▶ [Work instructions]:
Please give the whole listing again exactly, without any of its pictures.

▶ [Material provided]:
►

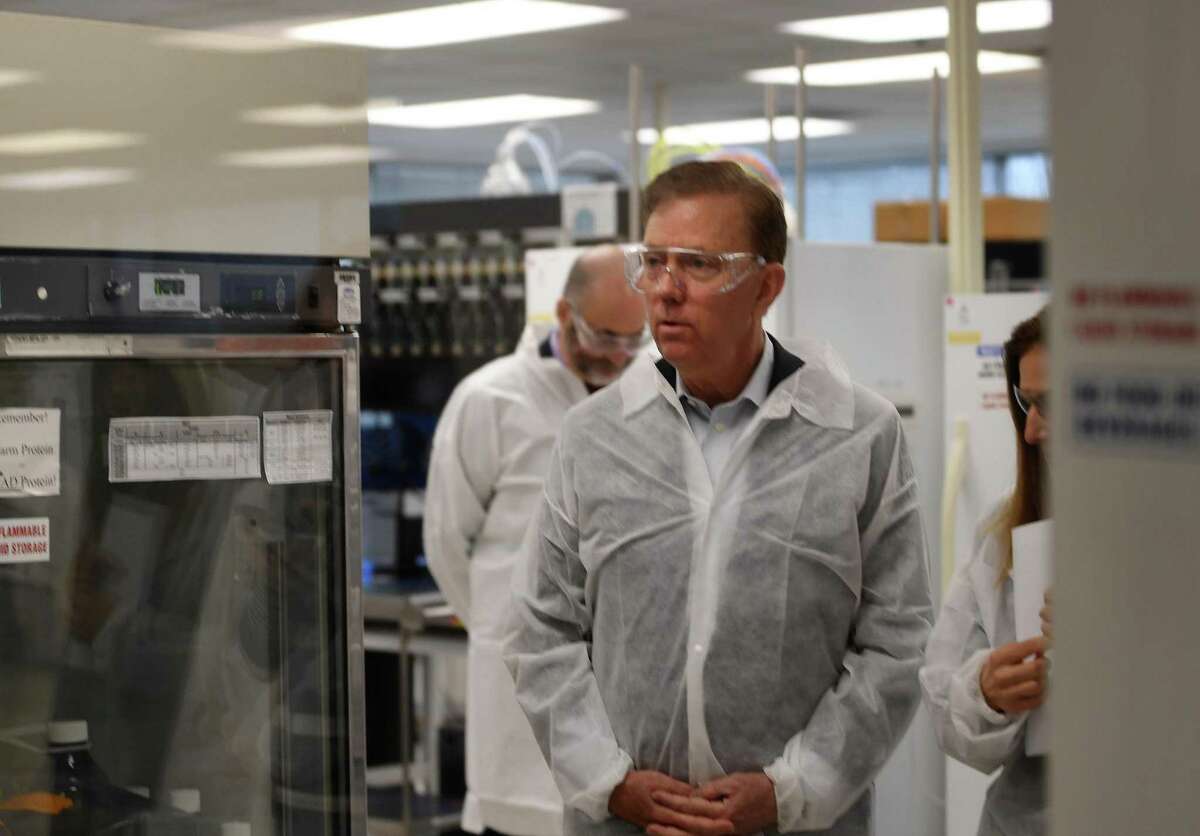 Gov. Ned Lamont and Lt. Gov. Susan Bysiewicz tour the lab at Protein Sciences Corp. in Meriden on Thursday. The company is working on a vaccine for the coronavirus.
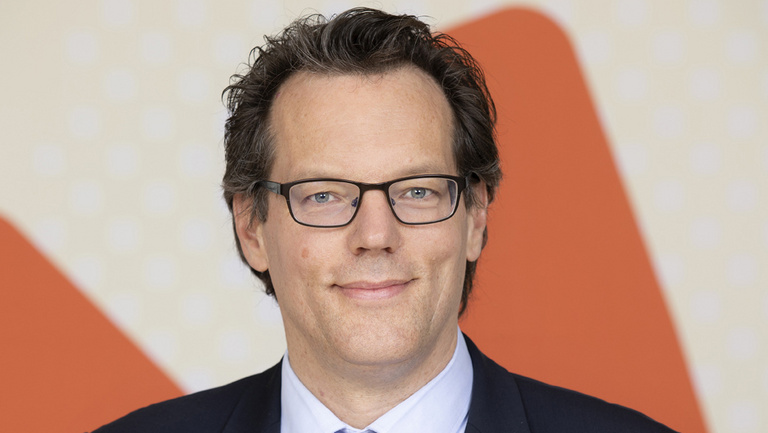 Prof. Dr.-Ing. Jörn Birkmann Prof. Dr.-Ing. Jörn Birkmann steht vor einem Plakat. Auf diesem ist ein orangenes N zu sehen.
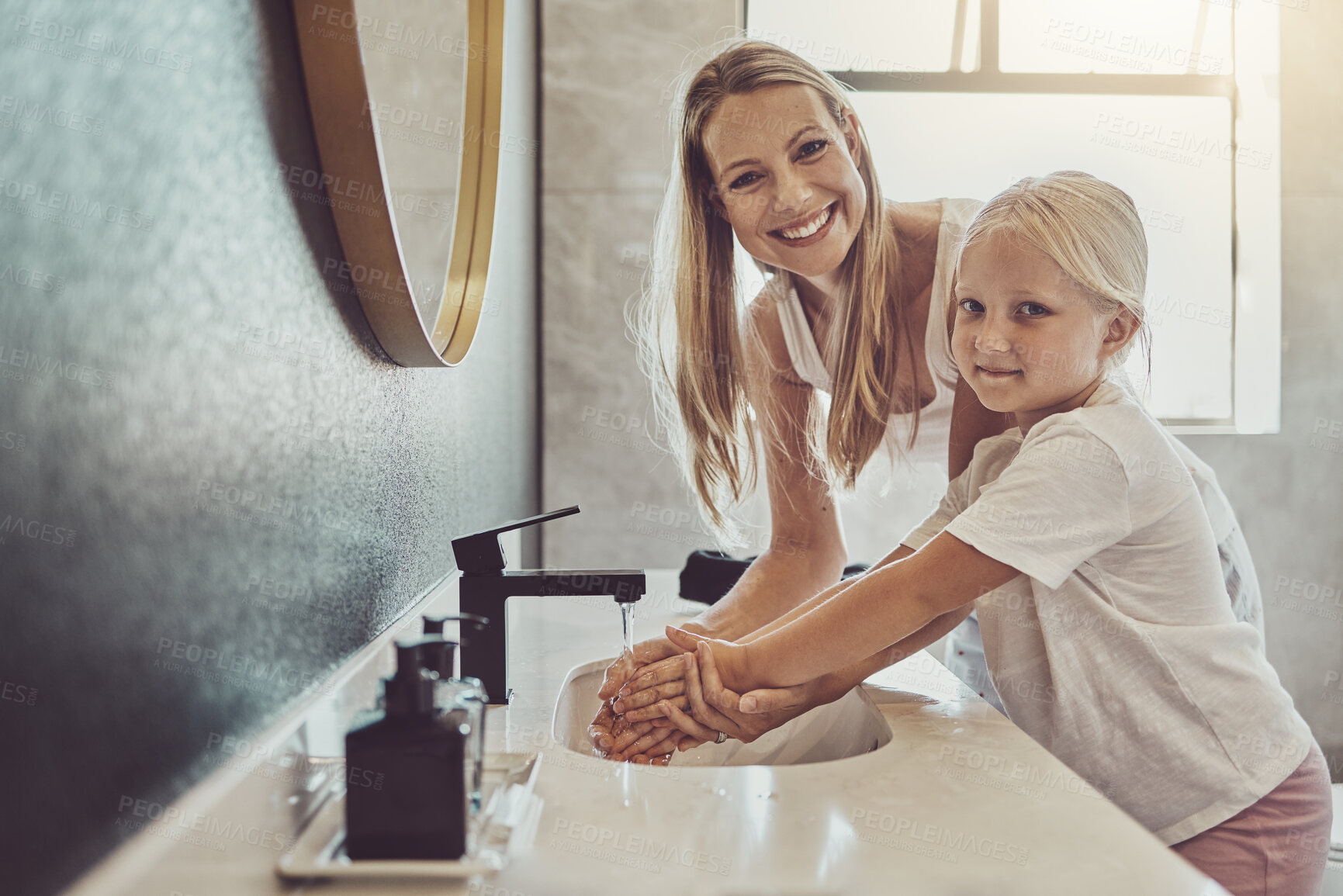 Buy stock photo Bathroom, mother and child cleaning hands with water, soap or learning healthy hygiene in portrait together. Washing dirt, germs or bacteria on fingers, mom and girl in home with smile, help and care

◄

▶ [Response for this exercise]:
 Gov. Ned Lamont and Lt. Gov. Susan Bysiewicz tour the lab at Protein Sciences Corp. in Meriden on Thursday. The company is working on a vaccine for the coronavirus.
 Prof. Dr.-Ing. Jörn Birkmann Prof. Dr.-Ing. Jörn Birkmann steht vor einem Plakat. Auf diesem ist ein orangenes N zu sehen.
 Buy stock photo Bathroom, mother and child cleaning hands with water, soap or learning healthy hygiene in portrait together. Washing dirt, germs or bacteria on fingers, mom and girl in home with smile, help and care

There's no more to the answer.